Michigan 3SI Tech/Info Pages

Bleeding The Brakes

"How-To" by Ken Middaugh

NOTE: Before bleeding your brakes, please make sure that you understand all of the steps in the process.  If you have any questions, please email me.  Good luck!

Brake bleeding or slave cylinder bleeding is really easy. It is necessary for a few reasons:

  1. If fluid level gets too low, air bubbles are introduced into the system, air bubbles increase the 'spongy' brake pedal feel or could cause the clutch not to release completely during shifting.
  2. Brake fluid absorbs water over time, water is corrosive to components and lowers the boiling point of the fluid.
  3. fluid becomes dirty.

Bleeding replaces the old, dirty, water-saturated, and air-bubble-ridden fluid with new clean fluid. It should always be done whenever the 'closed' hydraulic system is opened such as a brake job, caliper or slave cylinder rebuild or replacement, hose replacement, etc. It should also be done as preventative maintenance.
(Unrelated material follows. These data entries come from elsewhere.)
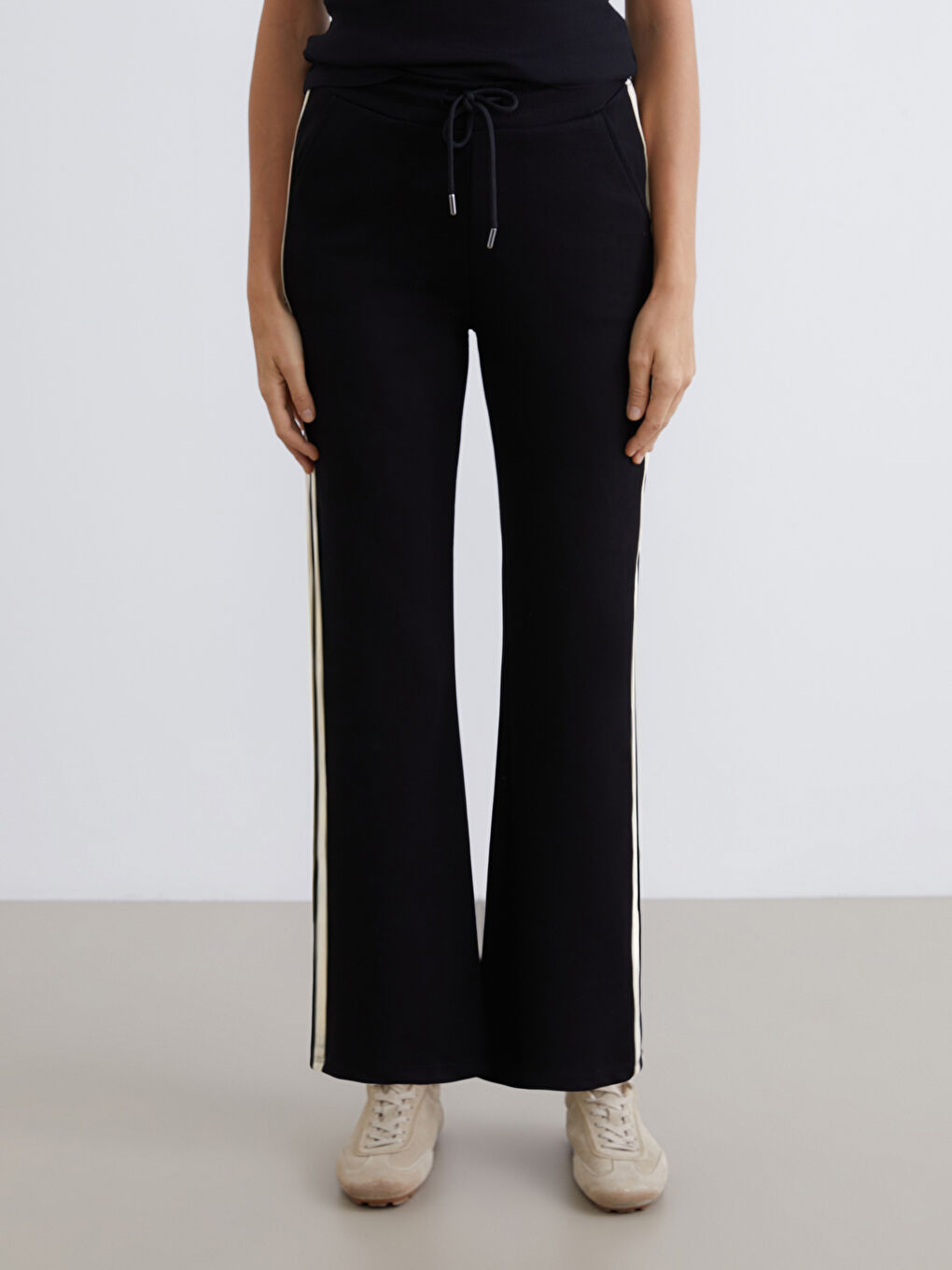 Siyah Şerit Detaylı Geniş Paça Kadın Eşofman Altı-3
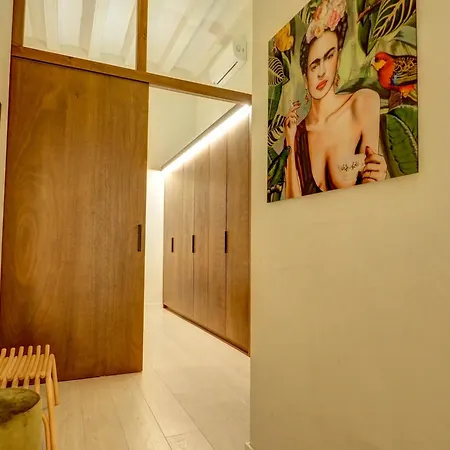 En Vogue By Hello Homes Apartmán *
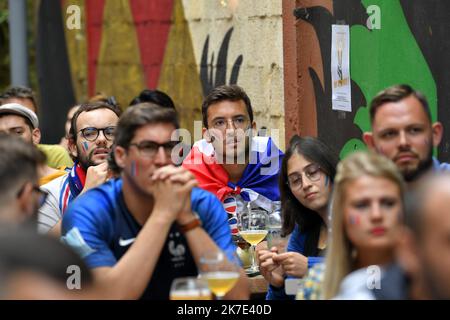 ©PHOTOPQR/VOIX DU NORD/FLORENT MOREAU ; 19/06/2021 ; LILLE, LE 19.06.2021. Le Match Hongrie - Frankreich vu depuis les Bars de Lille. ICI la Luck rue princesse. FOTO FLORENT MOREAU LA VOIX DU NORD - JUNI 19TH 2021. Französische Fans vor dem Fernseher während des UEFA euro2020-Spiels zwischen Ungarn und Frankreich Stockfoto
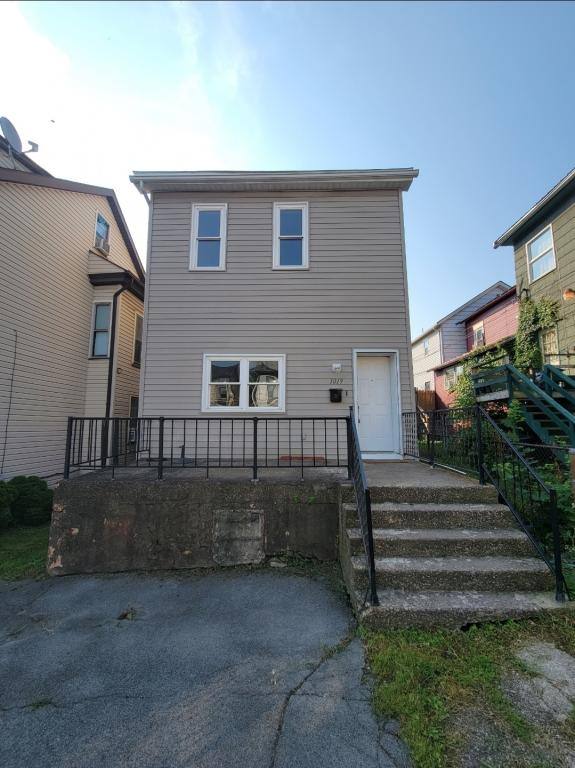 House for rent at 1019 18th Ave, Altoona, PA 16601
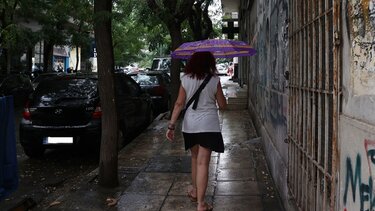 Καιρός: Βροχές και ζέστη, στα δύο «κομμένη» η χώρα το Σαββατοκύριακο 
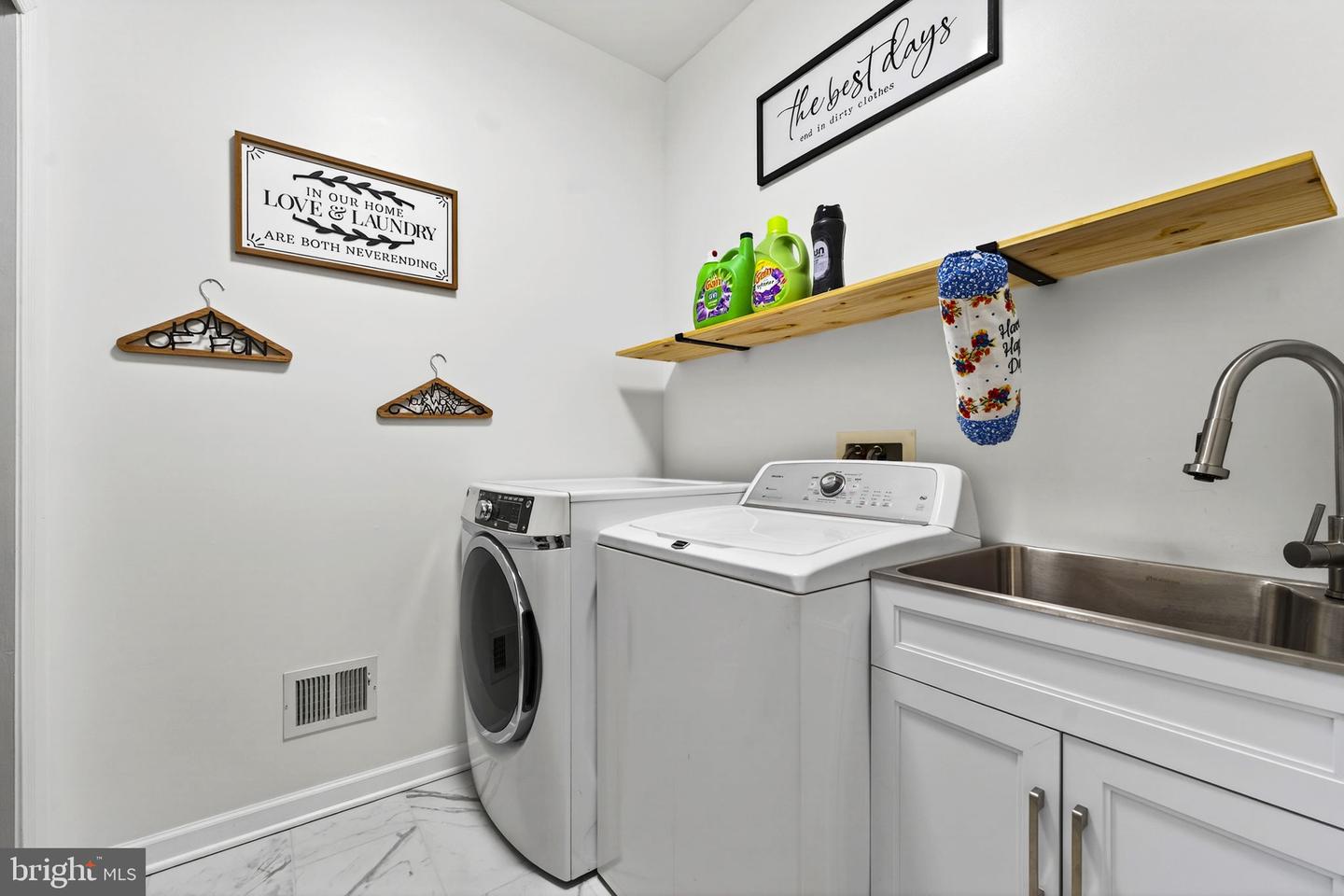 108 NORFOLK CT, WINCHESTER, Virginia 22602, 4 Bedrooms Bedrooms, ,4 BathroomsBathrooms,Residential,For sale,108 NORFOLK CT,VAFV2039932 MLS # VAFV2039932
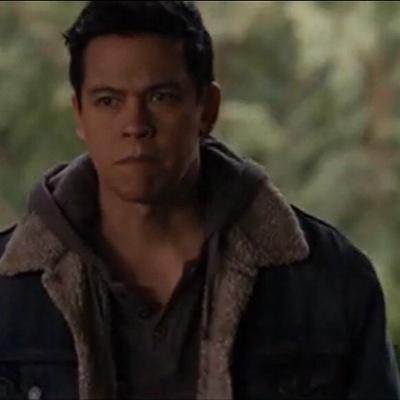 My name is Sam. Im the alpha of my pack of wolves. I work hard to keep the rez safe. Watch it sometimes a have a huge temper. ~Single RP +18~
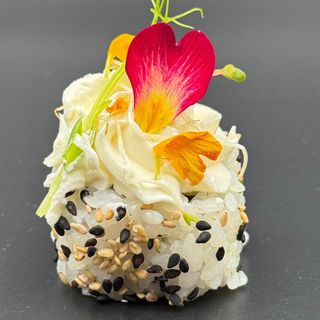 757. Uramaki Philadelphia Roll - 8 pezzi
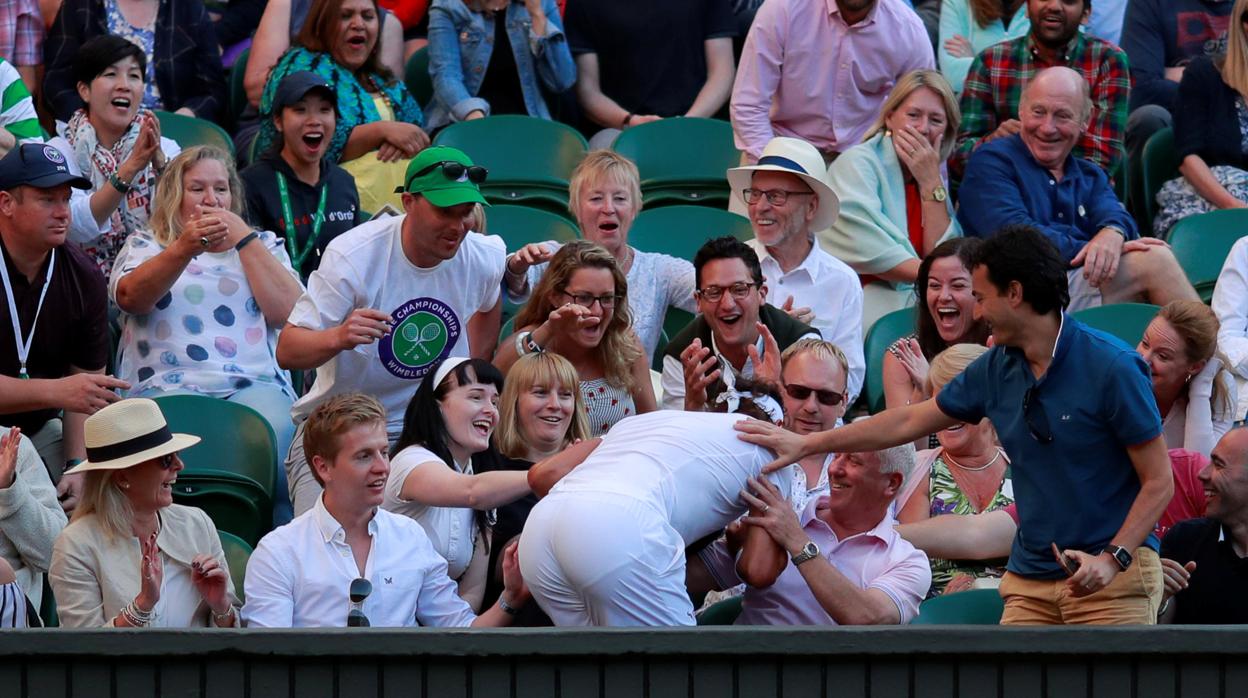 Rafa Nadal acabó en la grada tras intentar salvar una bola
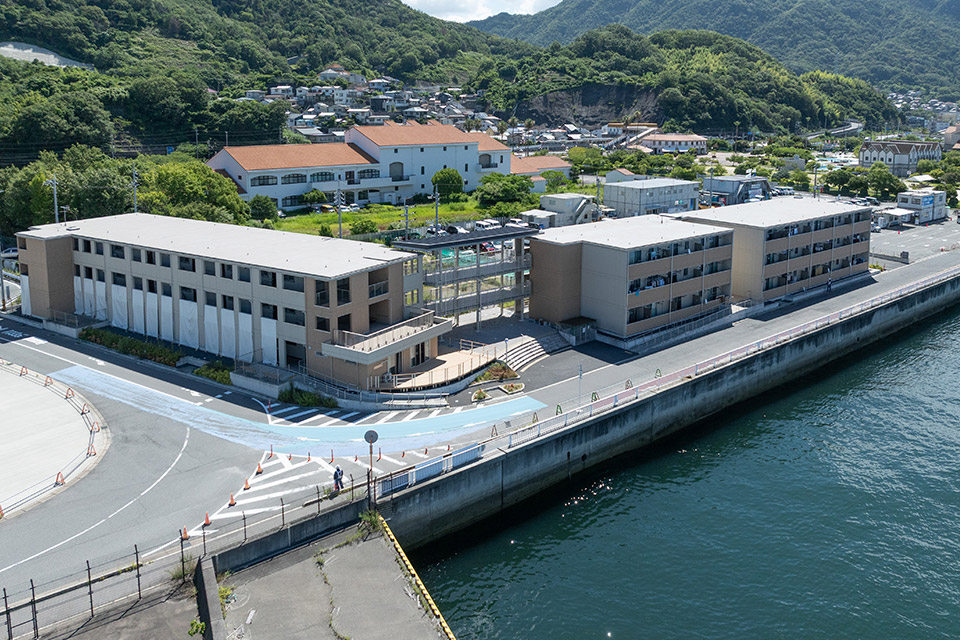 广岛县吴市“天应大滨公寓”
On our ABS cars, you're supposed to bleed the brakes with the car running.   The order is (sitting in the drivers seat):  right rear, left front, left rear, right front.

To bleed the clutch slave cylinder, you need to remove the battery & windshield washer fluid bottle.  The slave cylinder is on top of the transmission between the engine and the firewall.

Usually, you need two people to bleed hydraulic systems -- one to open & close the bleed screws, the other to press the pedal. Here are the steps for brakes or clutches:

  1. Attach small hose to the bleed screw on top of brake caliper or slave cylinder, place the other end into a catch container.
  2. Top off fluid in reservoir; brake and clutch reservoirs are always in the engine compartment on the firewall on the drivers side.
  3. Open bleed screw 1/4 to 1/2 turn.
  4. Depress pedal (clutch or brake) all the way to the floor.
  5. Close screw.
  6. Release pedal.
  7. Go back to step 2.

Actually, you don't have to do step 2 with every pedal press. Usually you can go 5 to 10 pedal presses before you have to fill the reservoir. Just be sure to not let the fluid drain completely out since this will introduce air bubbles into the lines; the very reason you're bleeding is to remove the bubbles. Also, empty the catch can often. When the fluid entering the catch can is clean, you can stop repeating the steps and move on to the next caliper.

If you want to do this alone, there are one-person bleeder products available, such as hoses with checkvalves. This means that you can open the bleed screw and not have to close it with each pedal push. Hence, one person can bleed their clutch/brakes unassisted.

My favorite of this type of product is Speedbleeder bleed screws-- I installed them on the brakes & the slave cylinder.